TO DO ::
Whatever lies between the line that holds "If instead we're" and the final line of the records below, both included, should be repeated exactly; leave out the pictures and add nothing.

DATA TO PROCESS ::
★ ★ ★ ★ ★

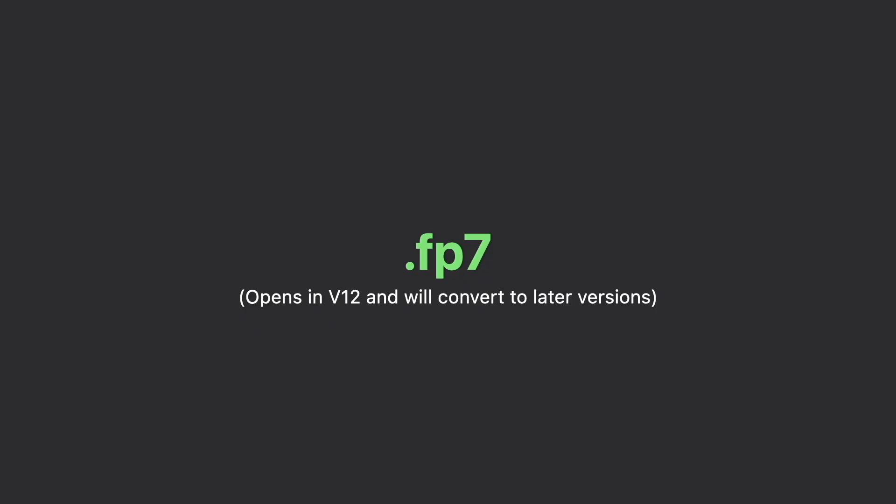If your file format is .fp7, you can use FileMaker Pro version 12 or later to perform a one-time conversion of the file, which will create a new .fmp12 file that you can then use in the current version of FileMaker.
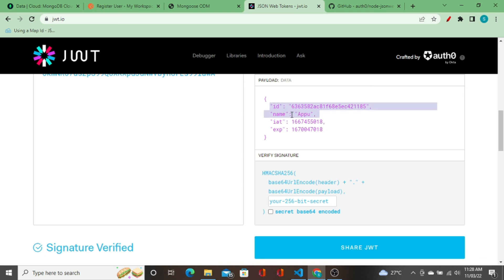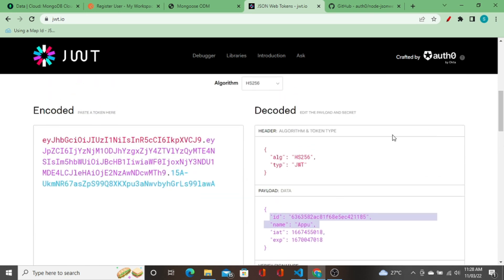I hope this video helped you learn how to create a JWT token. If you have any doubts, write a comment or email me directly. In upcoming videos we'll see how to authenticate this token on the front end. Keep supporting — see you in the next video!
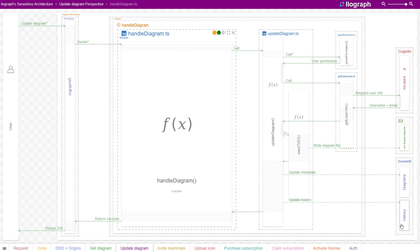If instead we're searching for a user's content based on some fuzzy key, or if we had many relationships in our data that we would need to query on, a relational database like Postgres may be a more suitable choice.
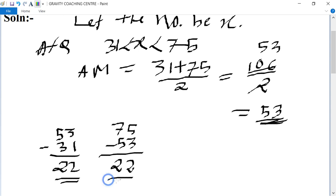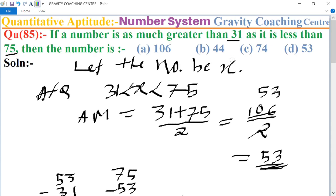In both cases the result is the same, so 53 is greater than 31 but less than 75 by the same amount. Therefore, option D is the correct answer.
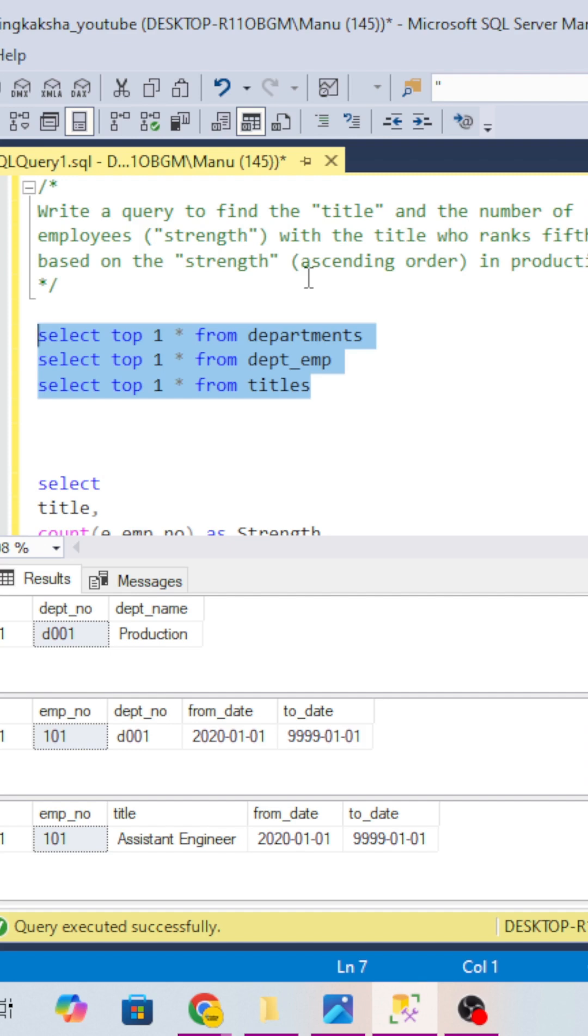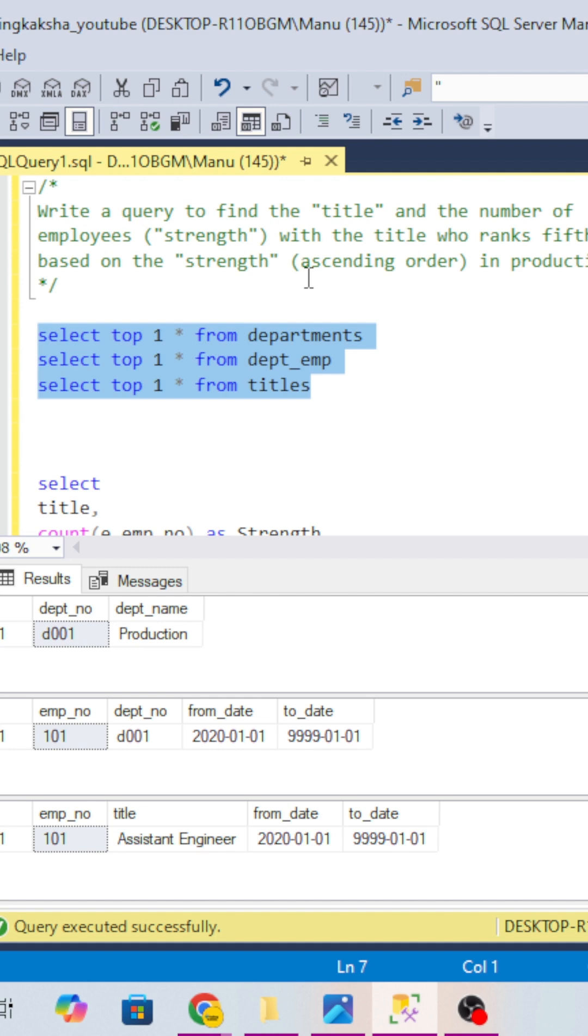So one, two, three, four, five like that in ascending order. Those who are strength-wise, suppose a position assistant engineer has one employee, that will be considered as first position. Then another title is there, that will be considered as second. So those having the fifth highest ranking, that position or title we have to fetch.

★ ★ ★ ★ ★

EXERCISE SOLUTION ::
If instead we're searching for a user's content based on some fuzzy key, or if we had many relationships in our data that we would need to query on, a relational database like Postgres may be a more suitable choice.
In both cases the result is the same, so 53 is greater than 31 but less than 75 by the same amount. Therefore, option D is the correct answer.
So one, two, three, four, five like that in ascending order. Those who are strength-wise, suppose a position assistant engineer has one employee, that will be considered as first position. Then another title is there, that will be considered as second. So those having the fifth highest ranking, that position or title we have to fetch.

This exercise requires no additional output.